1
votes

I have an MPI program in which worker ranks (rank != 0) make a bunch of MPI_Send calls, and the master rank (rank == 0) receives all these messages. However, I run into a Fatal error in MPI_Recv - MPI_Recv(...) failed, Out of memory.

Here is the code that I am compiling in Visual Studio 2010. I run the executable like so:

mpiexec -n 3 MPIHelloWorld.exe

int main(int argc, char* argv[]){
    int numprocs, rank, namelen, num_threads, thread_id;
    char processor_name[MPI_MAX_PROCESSOR_NAME];

    MPI_Init(&argc, &argv);
    MPI_Comm_size(MPI_COMM_WORLD, &numprocs);
    MPI_Comm_rank(MPI_COMM_WORLD, &rank);
    MPI_Get_processor_name(processor_name, &namelen);

    if(rank == 0){
        for(int k=1; k<numprocs; k++){
            for(int i=0; i<1000000; i++){
                double x;
                MPI_Recv(&x, 1, MPI_DOUBLE, k, i, MPI_COMM_WORLD, MPI_STATUS_IGNORE);
            }
        }
    }
    else{
        for(int i=0; i<1000000; i++){
            double x = 5;
            MPI_Send(&x, 1, MPI_DOUBLE, 0, i, MPI_COMM_WORLD);
        }
    }
}

If I run with only 2 processes, the program does not crash. So it seems like the problem is when there is an accumulation of the MPI_Send calls from a third rank (aka a second worker node).

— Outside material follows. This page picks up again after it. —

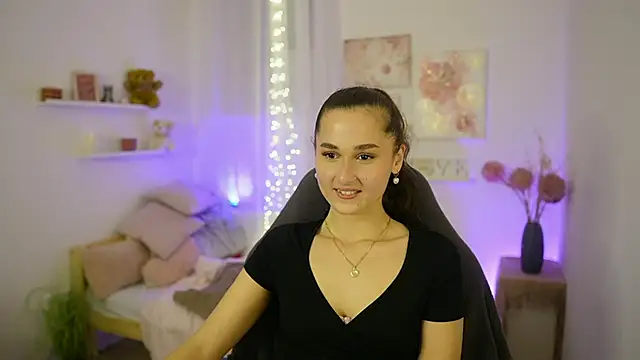 Snapshot of Annita_Grey chatting on November 2, 2025, 7:52 pm Annita Grey online show from November 2, 2025, 7:52 pm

If I decrease the number of iterations to 100,000 then I can run with 3 processes without crashing. However, the amount of data being sent with one million iterations is ~ 8 MB (8 bytes for double * 1000000 iterations), so I don't think the "Out of Memory" is referring to any physical memory like RAM.

Any insight is appreciated, thanks!

1
For that particular question it is extremely important to know which MPI implementation you are using and in what configuration. - Zulan
Using MS-MPI v 7.1 on Windows 7 - Alyshan Jahani

1 Answers

1
votes

The MPI_send operation stores the data on the system buffer ready to send. The size of this buffer and where it is stored is implementation specific (I remember hearing that this can even be in the interconnects). In my case (linux with mpich) I don't get a memory error. One way to explicitly change this buffer is to use MPI_buffer_attach with MPI_Bsend. There may also be a way to change the system buffer size (e.g. MP_BUFFER_MEM system variable on IBM systems).

However that this situation of unrequited messages should probably not occur in practice. In your example above, the order of the k and i loops could be swapped to prevent this build up of messages.